KUALA LUMPUR, Malaysia — The detaining of 30,000 copies of the New Testament, Psalms and Proverbs in the Malay language at Malaysia’s Kuching Port has “greatly disillusioned” the nation’s Christian community. The books, imported from Indonesia by the local branch of Gideons International for distribution in schools, churches and longhouses in Betong, Saratok and other Christian areas in Sarawak state, have been detained at the Kuching Port since January.
Authorities told an unnamed officer of the importer Jan. 12 that he could not distribute the books in Sarawak state since they “contained words which are also found in the Quran.” The officer was ordered to transport the books to the Home Ministry’s office for storage.

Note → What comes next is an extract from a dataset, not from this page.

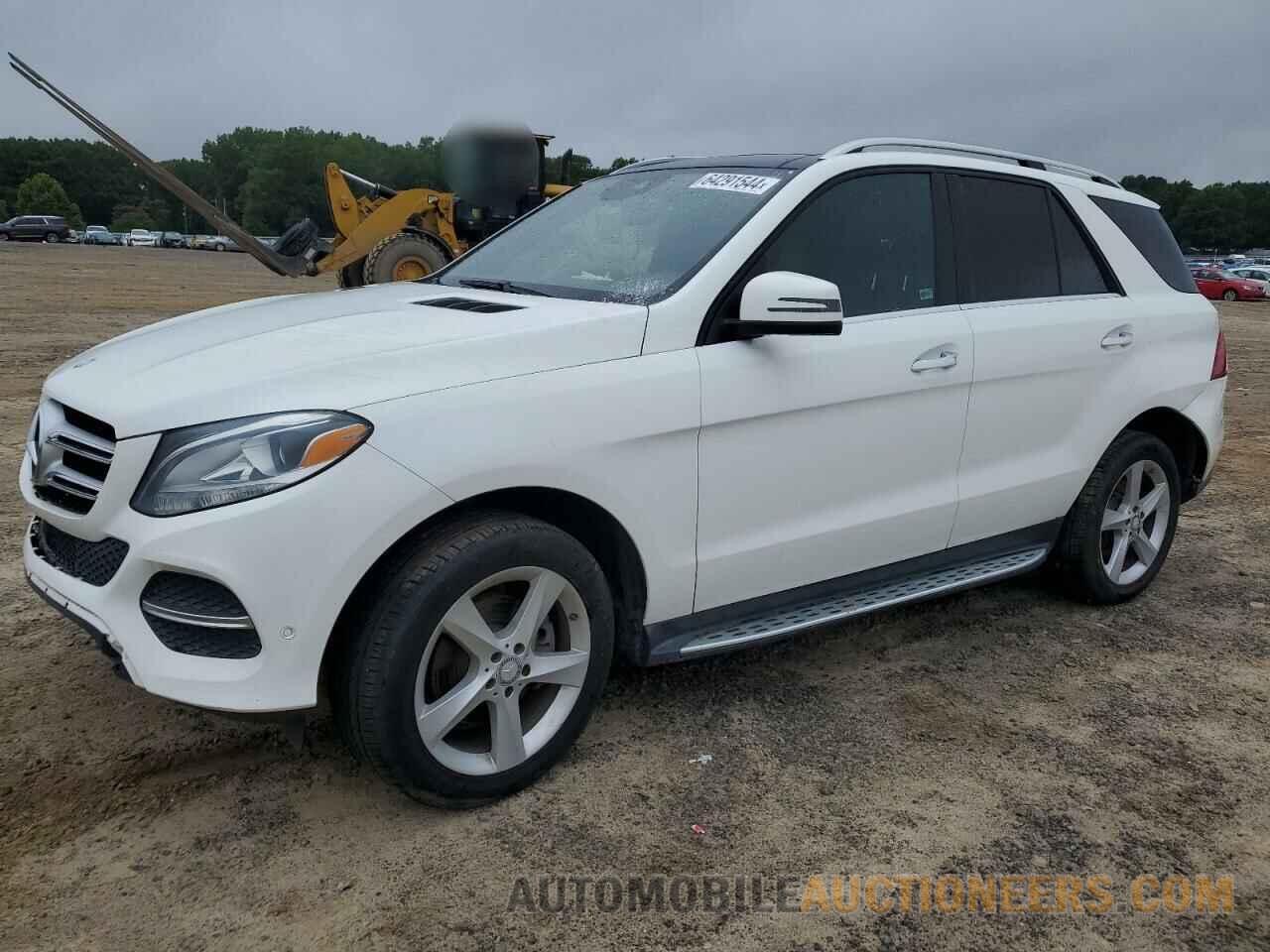 4JGDA5HB5GA747692 MERCEDES-BENZ GLE-CLASS 2016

In March, when the same officer enquired of the Home Ministry officials on the status of the Malay Bibles, authorities said they had yet to receive instructions on the matter. This is not the first time government authorities have detained Malay-language Bibles, and Bishop Ng Moon Hing, chairman of Christian Federation of Malaysia (CFM), decried the action. “The CFM is greatly disillusioned, fed up and angered by the repeated detention of Bibles written in our national language,” Hing said. “It would appear as if the authorities are waging a continuous, surreptitious and systematic program against Christians in Malaysia to deny them access to the Bible in [Malay].”
An earlier consignment of 5,100 copies of the Good News Bible in Malay, imported by the Bible Society of Malaysia, was detained in Port Klang in March 2009.